He stared at her in furious silence. What’s changed? He wanted to shout, What’s changed is the way I feel about you. That changes everything. Perspective…priorities… everything.

For what seemed like minutes her eyes searched his face. Then she lifted her hand and laid it along his jaw, and her fingers were a warm and gentle reminder of the heat and passion with which they’d touched only a short time ago…like a breath of a soft, sweet wind when summer is long over. “Nothing’s changed,” she whispered.

She drew back the sleeper’s partitioning curtain a few inches and looked out, then opened it wide and stood stiffly upright between the seats. Turning to gather up her jacket, she paused. “You can’t stop me from going back, Jake. You can pull your surveillance and all that if you want to-that’s up to you.”

“Don’t be ridiculous,” he snapped.

Unable to shrug, she smiled crookedly. “I am going back. And I’m staying until the end-whatever that may be. Capish?” Her eyes seemed to brighten and shimmer, and then she quickly turned away.

“Hey,” Jake said in the raw and scratchy voice he was coming to know well as she slipped between the front seats, “don’t you want to take the plate back?”

She gave a little wave of her hand without turning. “How on earth would I explain it?” Her voice sounded breathless… almost panicky. “You can take the pie and stuff to your partner…what’s his name? Agent Poole? I have to go. So, I guess I’ll see you…” The passenger door opened and she was gone, as completely as if she’d tumbled off the edge of a precipice.

Left alone in the sleeper, Jake sat and stared at the plate in his hands.

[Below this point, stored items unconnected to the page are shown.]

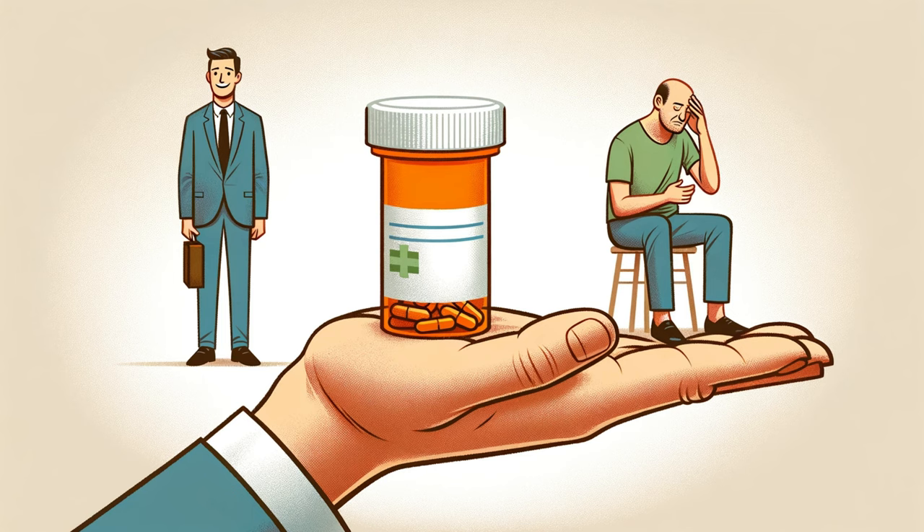Antibiotics are powerful tools, but with great power comes great responsibility. Overuse or misuse of antibiotics can lead to antibiotic resistance, a serious public health threat. When bacteria are constantly exposed to antibiotics, they can evolve ways to resist their effects, making it harder to treat infections. Remember: only take antibiotics when prescribed by a doctor, take the full course even if you start to feel better, and never share antibiotics with others. Don't pressure your doctor for antibiotics for a viral infection.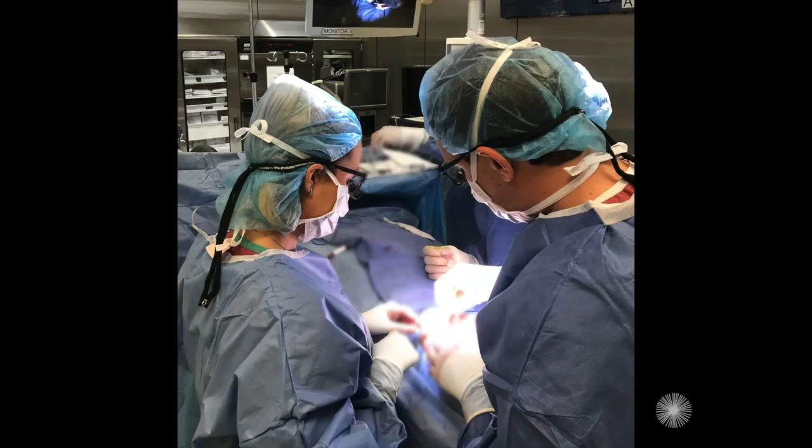A typical day for an oculoplastic surgeon might include a normal clinic day where we're seeing and evaluating patients who may need surgery. We're seeing our post-op patients and there's a handful of patients that we treat medically and see over time as well. The other bit of our time is spent in the operating room — these are generally full days in the OR, although sometimes you can break it up with a half day of clinic and a half day in the OR, depending on how big and challenging your cases are.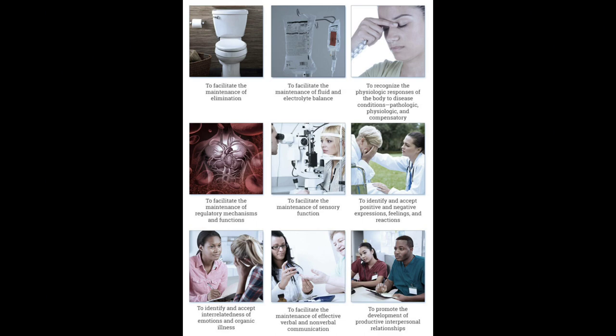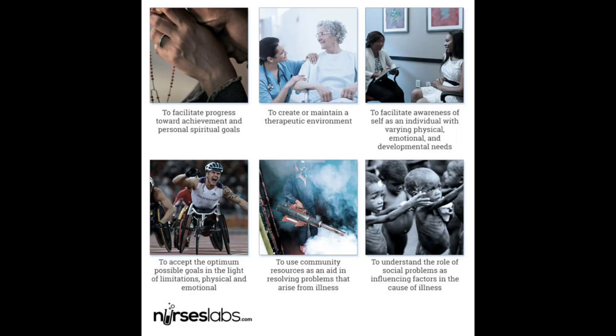One of the aspects of Abdella's theory involved identifying 21 nursing problems that guide healthcare professionals in meeting patient needs. These 21 problems encompass aspects including the social and emotional needs of patients, the interaction between the nurses and the patient, along with the general elements of client care.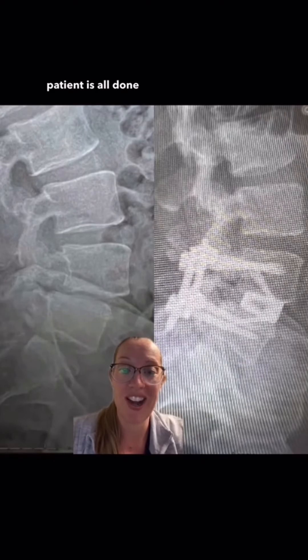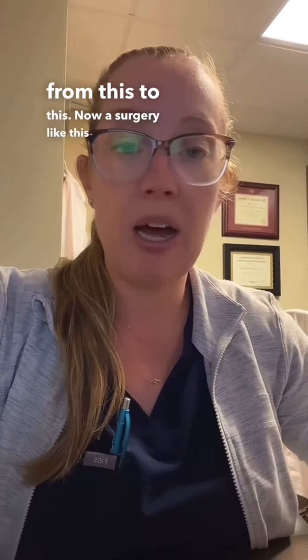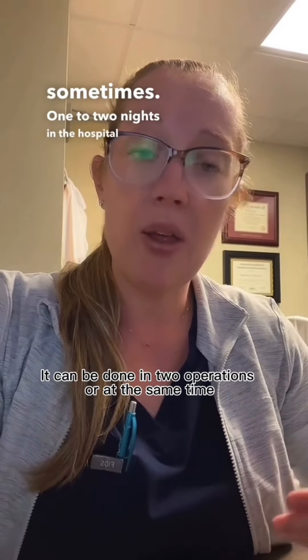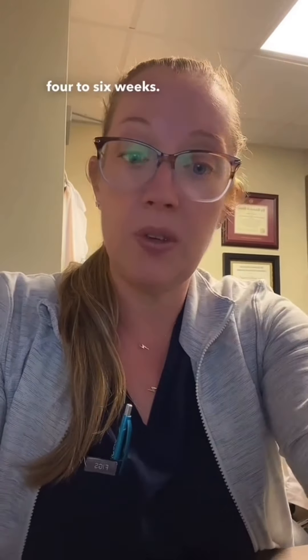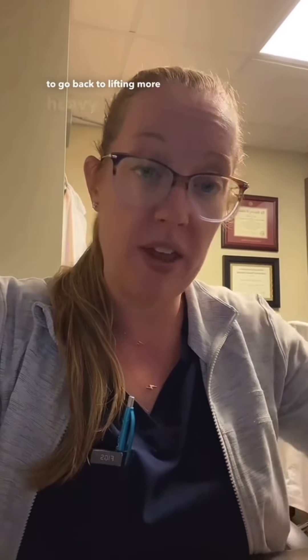The patient is all done, and you can see how we went from the pre-op to the post-op alignment. A surgery like this in my hands typically takes one hour for the anterior side and one hour for the posterior side. I keep the patient overnight, sometimes one to two nights in the hospital. The patient is allowed to get up, walk around, and do what's needed. There is some post-surgical pain that typically resolves within four to six weeks. We have patients on restrictions after surgery to achieve optimal healing, and within 12 weeks I usually allow patients to return to lifting heavier things.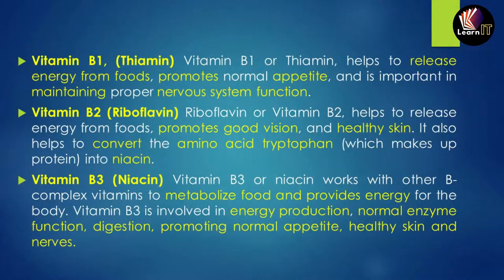Vitamin B1, also known as thiamine, helps to release energy from food, promotes normal appetite, and is important in maintaining the proper nervous system. Vitamin B2, also known as riboflavin, helps release energy from food, promotes good vision and healthy skin, and helps convert the amino acid tryptophan into niacin, which makes protein.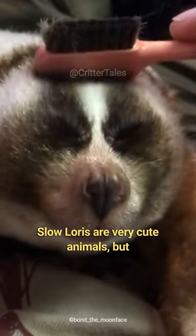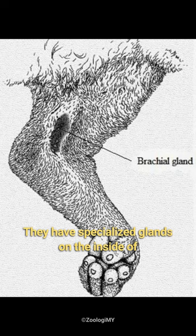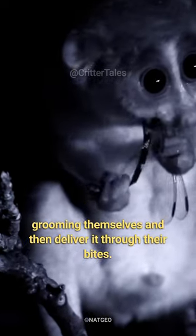Slow lorises are very cute animals, but do you know their bite is venomous? They have specialized glands on the inside of their elbows that produce a toxic secretion. They can transfer this toxin to their mouth by grooming themselves and then deliver it through their bites.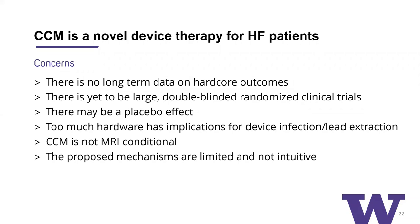The concerns for CCM as a novel device therapy include: there is no long-term data on hard outcomes such as survival; there are yet to be large double-blinded randomized clinical trials; and because many studies were not blinded, there may be a placebo effect. Other concerns include too much hardware in the chest — these patients usually have an indication for an ICD or may eventually need a pacemaker, which becomes very crowded with implications for device infection and lead obstruction. Some people have voiced that CCM is not MRI conditional, but as mentioned, CCM now is MRI conditional. Lastly, the proposed mechanisms are somewhat limited and not necessarily intuitive, unlike CRT.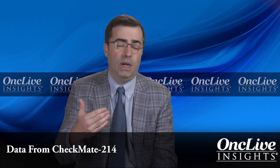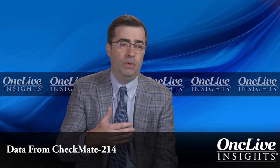Checkmate 214 was a very interesting result for our patients. Prior to that study, we had nivolumab or PD-1 blockade approved for patients who had failed VEGF therapy. Checkmate 214 was an attempt to bring PD-1 blockade into the front line by combining it with CTLA-4 blockade with ipilimumab — a proven effective strategy in melanoma — comparing it to the standard of care, sunitinib. That head-to-head phase III trial was a very positive study.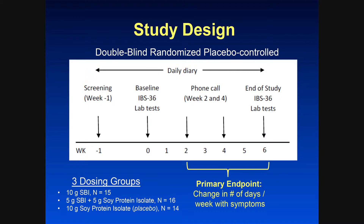One group got 10 grams of the product SBI. One got 5 grams, which is one packet, plus the placebo — 5 grams of the soy protein isolate. And then the placebo group basically got just 10 grams of soy protein isolate, so you had the same protein load.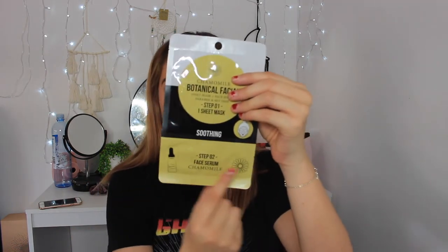The last mask I got was this chamomile botanical facial sheet mask and face serum. It's supposed to be soothing — it comes with the face mask and the face serum. Same kind of instructions. I also got these makeup blender cases, just to put your beauty blenders in so they don't get bacteria on them. They have little breathing holes and look kind of like salt and pepper shakers. These are only 50 cents.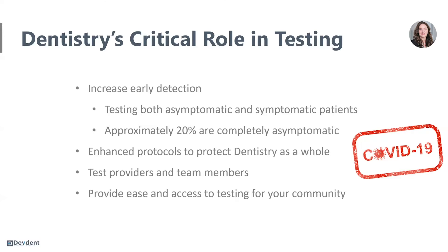We're also going to use this as an enhanced protocol to protect dentistry as a whole. To avoid a future shutdown, we can demonstrate that we are taking above and beyond protocols to help protect our patients. Our patients will have the confidence of knowing that they are in a safe environment, and they will be less likely to postpone or reschedule appointments.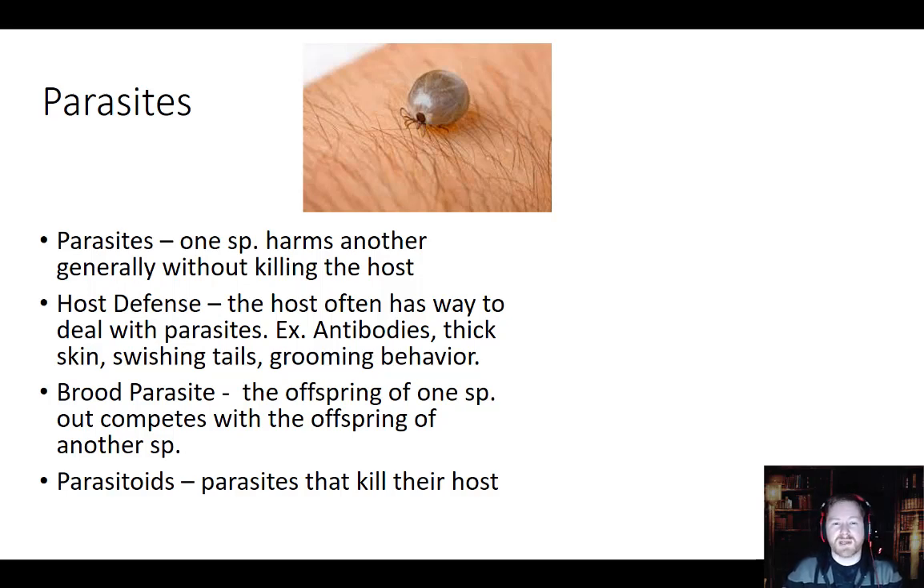There are other types of things that do kill their host, which we'll talk about. Usually the host will have a defense against the parasite — anything from antibodies produced by the immune system, to thick skin so mosquitoes can't bite through, to cattle and horses swishing their long tails to keep flies away. Some social creatures go through grooming behavior — monkeys and great apes will sit in groups and groom each other, which is social bonding time but they're actually removing fleas, ticks, mites, and other types of parasites.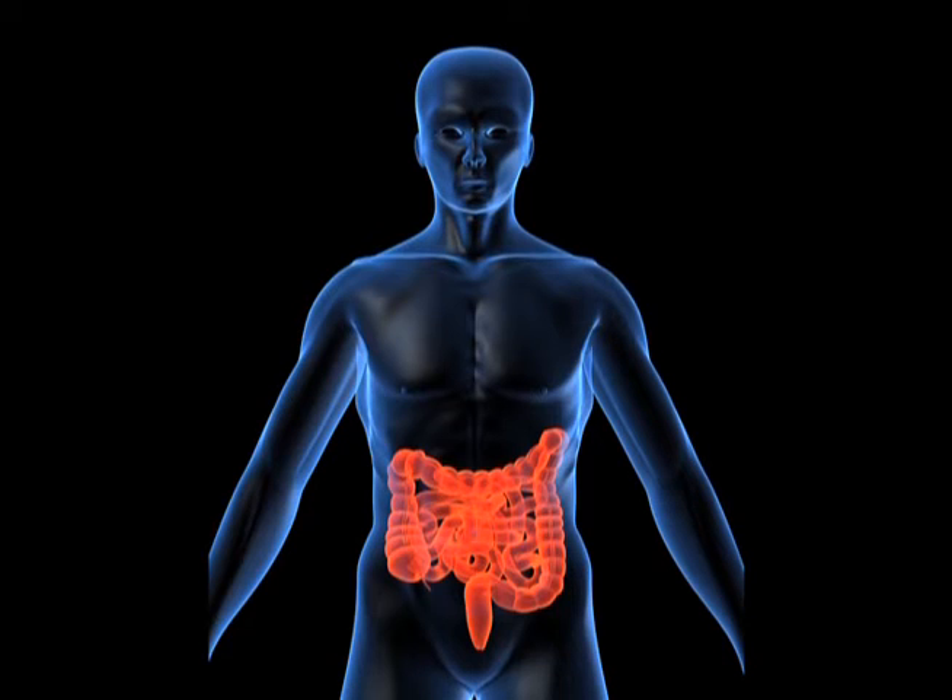Think about the intestinal tract as a filter. The good stuff — the nutrients — should be absorbed into the bloodstream. But with holes in the filter, you've got the bad bacteria and larger particles being absorbed into the bloodstream, which further activates your immune system.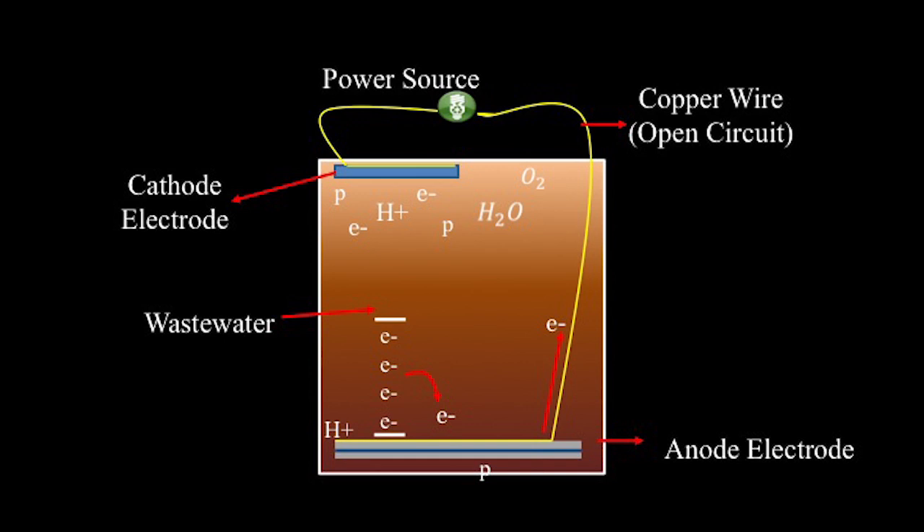How these things work is that the bacteria inside the wastewater break down the nutrients. From this point, they produce electrons. These electrons then flow from the anode all the way to the cathode — and that's basically how they produce electricity. In my research, I'm trying to control the whole system through which these electrons are moving throughout the circuit.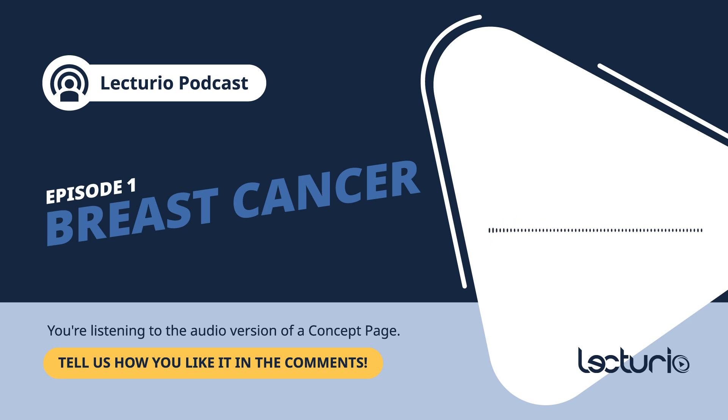For healthcare providers, especially nurses, being aware of these distinctions is critical—not only for treatment, but also for educating patients. Many patients are understandably anxious after a diagnosis, and clear communication around the type of breast cancer, its treatment options, and what to expect can help alleviate some of that fear. For advanced or metastatic breast cancer, the goal shifts from cure to managing the disease and improving quality of life. Hormone therapy, targeted therapy, chemotherapy, and immunotherapy are all key players, with radiation used more for palliative reasons, aimed at relieving symptoms like pain.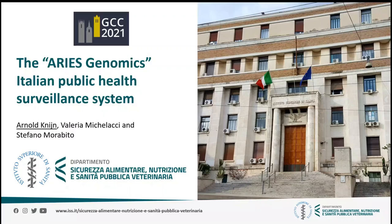Hello, I'm Arno Knein. I work at the Italian National Institute of Health, the Instituto Superiore di Sanità in Rome, in the Department of Food Safety, Nutrition and Veterinary Public Health. My lightning talk will be about the ARIAS Genomics Italian Public Health Surveillance System, which we have set up at our institute.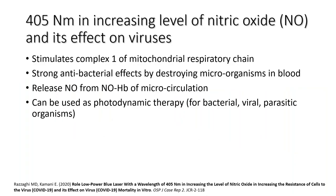405 nanometers was also shown to increase the level of nitric oxide and has a positive effect on viruses. This 405 can be used as photodynamic therapy for bacteria, viruses, parasites, and parasitic organisms. It allows for increased microcirculation and stimulates Complex I of the mitochondrial respiratory chain. To summarize: laser equals healing, mitochondria, ATP, and electromagnetic transfer of energy. It is photochemical, not photothermal — no heat.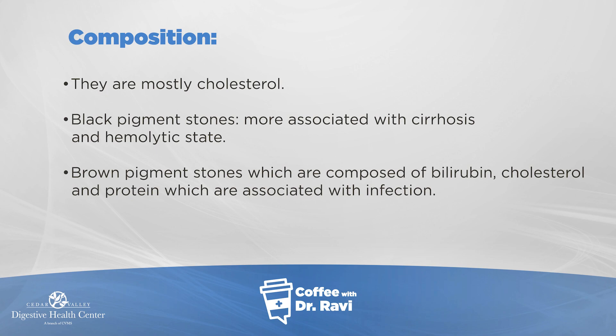There's a third variety — a mixed variety called brown pigmented stones — that sit in the gallbladder and are composed of bilirubin, cholesterol, and protein. These are sometimes more associated with infections that originate in the gallbladder.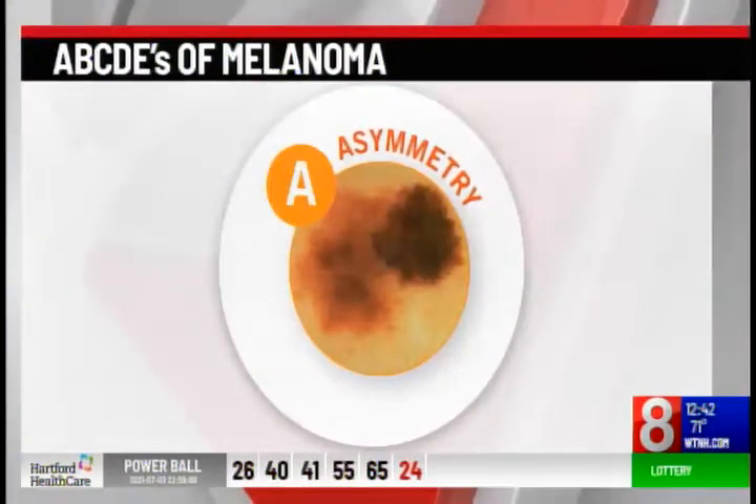What should people be looking for? The most important warning sign of melanoma is a new spot on the skin, or a spot that's changing in size, shape, or color. I like to share the A, B, C, D, E rule with my patients and provide this handy tool from the American Academy of Dermatology during our visits. A is for asymmetry, where one half of the spot is unlike the other half.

Capish? Hell no, he didn’t capish. He didn’t understand anything. Somehow, without his noticing it or being able to do a thing to stop it, his world had turned upside down.


Mirabella and Summer were the only ones left in the kitchen when they heard the bang of the screen door and footsteps coming across the back porch. Summer, who had just that second finished wiping and putting away the last piece of silverware, laughed and said, “That’s Eve-right on time.”

Mirabella, who was suffering from indigestion and less inclined to be forgiving, fixed the delinquent with a fishy stare as she came through the door. “Where’ve you been?”

Eve closed the door carefully behind her, and her eyes darted to each of her sisters with a quick, guilty look. But before she could answer, Mirabella felt a nudge in her ribs, and Summer said, “Evie? What’s wrong?” That was when Mirabella noticed Eve’s scarlet cheeks and too-bright eyes.

“What have you-?” she began, but stopped when Summer gave her arm a warning squeeze.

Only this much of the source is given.